Building on the normal discrete log/hamiltonian problems, if you have a random source that can be globally trusted such as some hash, then I think you could pretty easily prove it to the world as such:

1. Create a series of n problems P, based on some secret S, and and publish them. 2. Get some source of randoms everyone can trust, such as PRF(P) where PRF is some expensive secure hash function 3. Publish the proof of knowledge revealing the the piece specified by the random source.

Anyone can create P but only someone with knowledge of S can tractably pass step 3 because being able to do so implies either being able to predict the output of the hash function in which case the PRF is insecure or or getting winning 2^n coin tosses even if an attacker has an infinite pool of half revealed challenges he can pull from.

[betterunix2]

Technically that is not "zero knowledge" since the definition of ZK requires interaction (so there is no "publishing" of a proof).

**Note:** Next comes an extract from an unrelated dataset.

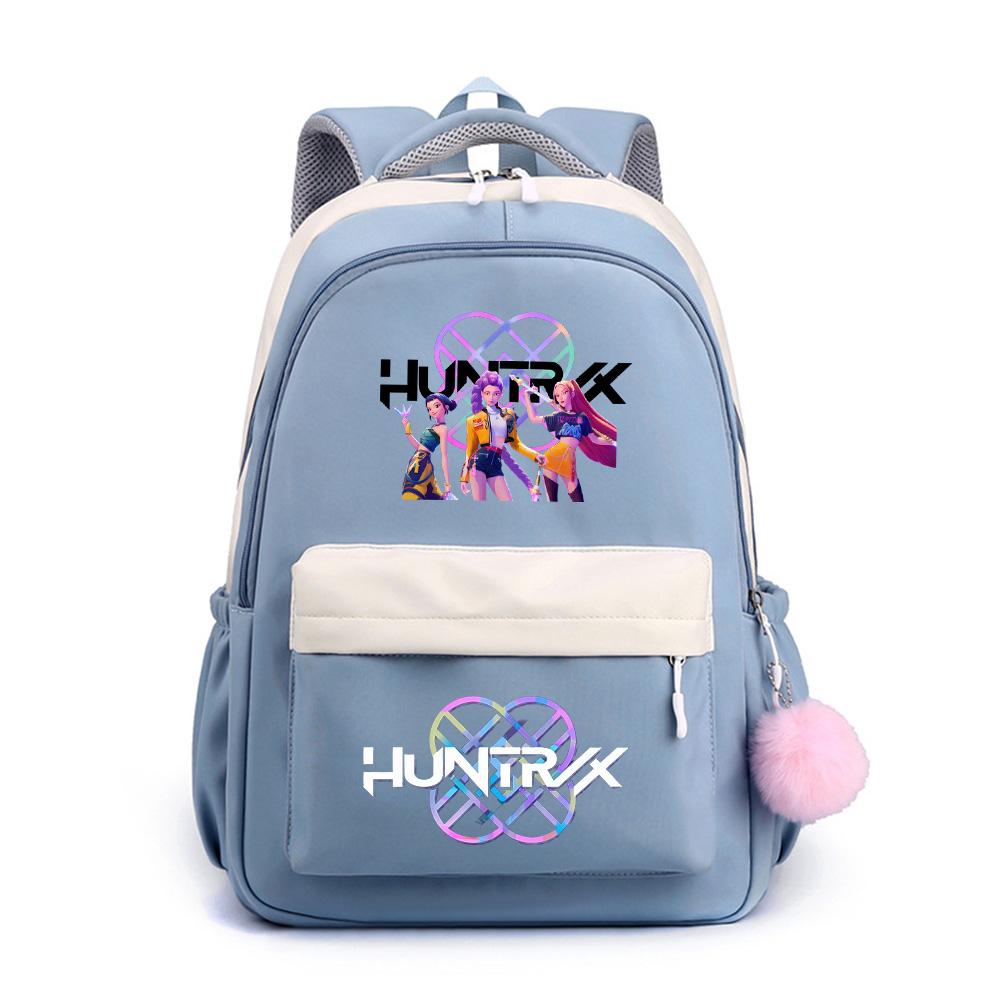 Аниме K-Pop Принт Рюкзак Большой Вместимости для Подростка Студента Девочки Мальчика Школьный Рюкзак Сумка для Книг Детский Подарок Женская Водонепроницаемая Дорожная Сумка Мочила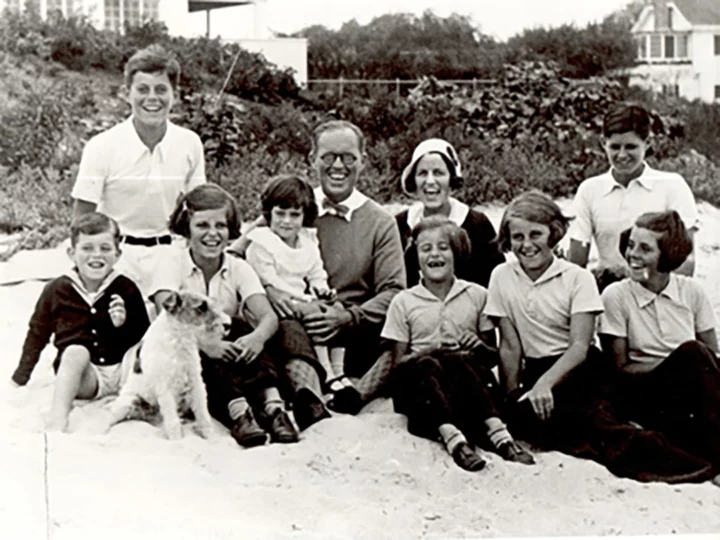 The Kennedy Family in Hyannisport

What you described sounds like this construction of "non-interactive ZK:"

https://en.wikipedia.org/wiki/Fiat%E2%80%93Shamir_heuristic

NIZK is a very different concept from ZK, because the verifier does learn something, in the sense that the verifier has received a string it could not compute on its own. In ordinary ZK the verifier cannot compute anything after running the protocol that it could not have computed beforehand (so it gains nothing from the interaction).

[andromeduck]

I'm not quite sure I follow. What does the verifier learn after NIZK? Isn't it the point that the verifier learns nothing other than the prover has some secret knowledge? Seems to me like it's just the same information rescheduled with the help of a PRF.

[betterunix2]

The verifier learns the NIZK itself; i.e. the verifier could not have computed the NIZK independently.

[SilasX]

I agree, in that a proves-for-one ZKP can be converted to a proves-for-n if all n parties can trust the source of randomness used to decide the choice of challenge.

[gonehome]

Some other answers (that kind of fix the issue that you might not be showing the exact Waldo):

Make a copy of the page and have your friend draw a unique repeating pattern on the entire back. Cut out Waldo from the page and have your friend verify the design “signature” on the back.

For a better design signature have your friend paint the back of the copy with a color made from three unique rgb values they choose that you don’t know. When you cut Waldo out of the copy have them verify the color matches their unique color.

Another qualification is that details about Waldo are public so simply describing the stripes on his shirt and such doesn’t help prove to your friend that you’ve found him.

[solotronics]

excellent analogy. I have wondered this myself and haven't seen a simple way of explaining

[bfuller]

So if I print out a pic of waldos head and using sleight of hand put that in the hole I have proven something without having to actually find him? Far from a perfect solution.